1. Regular Maintenance
Log Monitoring
Check the logs of the API and Game Server regularly to identify potential issues before they escalate.
- Command:
pnpm nx run api:logs(or check your container logging platform). - What to look for:
ERRORorCRITICALlevels, high latency spikes, or frequent 5xx responses.
Database Backups
Ensure that automated backups are running correctly in your production environment.
- Verification: Check the last backup timestamp in your database management console.
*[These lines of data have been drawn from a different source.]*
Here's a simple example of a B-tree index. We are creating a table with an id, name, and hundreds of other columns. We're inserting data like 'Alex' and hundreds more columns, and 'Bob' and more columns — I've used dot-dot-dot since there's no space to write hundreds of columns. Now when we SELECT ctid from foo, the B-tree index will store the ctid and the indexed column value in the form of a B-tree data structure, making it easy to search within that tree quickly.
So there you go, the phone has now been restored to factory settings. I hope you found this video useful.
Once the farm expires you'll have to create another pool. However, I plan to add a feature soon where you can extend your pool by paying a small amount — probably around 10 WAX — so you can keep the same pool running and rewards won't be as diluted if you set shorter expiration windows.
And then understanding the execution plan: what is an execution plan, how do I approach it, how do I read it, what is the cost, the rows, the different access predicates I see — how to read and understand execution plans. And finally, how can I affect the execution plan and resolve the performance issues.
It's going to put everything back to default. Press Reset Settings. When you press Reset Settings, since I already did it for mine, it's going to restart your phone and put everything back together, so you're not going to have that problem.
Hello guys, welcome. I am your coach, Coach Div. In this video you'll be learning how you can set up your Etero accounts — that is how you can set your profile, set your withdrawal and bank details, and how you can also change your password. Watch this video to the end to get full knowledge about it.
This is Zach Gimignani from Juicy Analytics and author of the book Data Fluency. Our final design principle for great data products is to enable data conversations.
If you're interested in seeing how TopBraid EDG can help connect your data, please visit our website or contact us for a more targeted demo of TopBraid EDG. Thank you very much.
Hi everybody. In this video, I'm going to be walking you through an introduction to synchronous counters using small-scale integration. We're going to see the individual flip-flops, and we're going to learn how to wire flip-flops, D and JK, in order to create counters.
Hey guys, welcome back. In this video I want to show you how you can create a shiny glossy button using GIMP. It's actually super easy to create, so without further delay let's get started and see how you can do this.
- Test Restore: Periodically restore a backup to a staging environment to verify data integrity.
2. Standard Operations
System Restart (Graceful)
To restart the system without dropping active user sessions:
- Trigger a rolling restart of the API instances.
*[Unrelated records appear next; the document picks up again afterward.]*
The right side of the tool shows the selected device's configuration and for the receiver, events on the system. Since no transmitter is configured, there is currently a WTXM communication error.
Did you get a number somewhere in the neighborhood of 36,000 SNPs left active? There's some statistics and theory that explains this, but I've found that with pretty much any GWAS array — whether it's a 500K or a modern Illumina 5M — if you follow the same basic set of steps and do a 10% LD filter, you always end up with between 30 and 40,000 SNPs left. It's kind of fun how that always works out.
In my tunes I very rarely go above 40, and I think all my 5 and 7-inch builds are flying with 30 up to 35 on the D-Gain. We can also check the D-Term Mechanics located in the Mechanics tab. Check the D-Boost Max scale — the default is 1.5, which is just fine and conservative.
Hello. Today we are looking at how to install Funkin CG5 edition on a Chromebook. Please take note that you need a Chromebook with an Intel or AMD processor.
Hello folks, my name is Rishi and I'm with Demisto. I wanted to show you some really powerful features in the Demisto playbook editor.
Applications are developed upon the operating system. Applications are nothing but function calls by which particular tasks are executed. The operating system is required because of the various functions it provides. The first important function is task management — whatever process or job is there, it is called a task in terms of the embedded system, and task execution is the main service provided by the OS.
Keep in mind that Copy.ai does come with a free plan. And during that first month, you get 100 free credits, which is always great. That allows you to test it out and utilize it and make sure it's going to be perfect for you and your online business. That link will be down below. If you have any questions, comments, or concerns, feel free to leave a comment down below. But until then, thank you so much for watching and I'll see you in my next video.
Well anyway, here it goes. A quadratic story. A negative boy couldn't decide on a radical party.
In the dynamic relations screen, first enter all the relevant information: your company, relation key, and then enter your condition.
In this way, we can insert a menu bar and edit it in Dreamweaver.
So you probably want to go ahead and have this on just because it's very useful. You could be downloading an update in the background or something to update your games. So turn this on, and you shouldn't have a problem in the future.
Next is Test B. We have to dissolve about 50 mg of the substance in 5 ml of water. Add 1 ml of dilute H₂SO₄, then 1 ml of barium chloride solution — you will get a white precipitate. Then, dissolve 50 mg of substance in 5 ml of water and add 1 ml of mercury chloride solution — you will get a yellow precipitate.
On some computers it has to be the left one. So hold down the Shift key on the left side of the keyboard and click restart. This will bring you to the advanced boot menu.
- Ensure the Database remains reachable during the process.
- Refresh the Frontend cache (if using a CDN).
Applying Database Migrations
Always run migrations during a maintenance window if they involve breaking changes.
- Command:
pnpm nx run db:push(for dev) or use a migration runner for prod. - Rollback: Keep a SQL rollback script ready for every schema change.
3. Incident Management
High Latency / Load
If the API response time exceeds 500ms:
- Check CPU and Memory usage of the API instances.
- Verify Database connection pool saturation.
- Scale out by adding more API instances if necessary.
Security Breach
If a security vulnerability is exploited:
- Isolate the affected instances.
- Revoke all active sessions via Better Auth.
- Rotate sensitive secrets (e.g.,
AUTH_SECRET,DATABASE_URL). - Follow the Security Policy for reporting and disclosure.
important
Every manual intervention should be documented in the incident log. For recurring issues, update the Troubleshooting guide.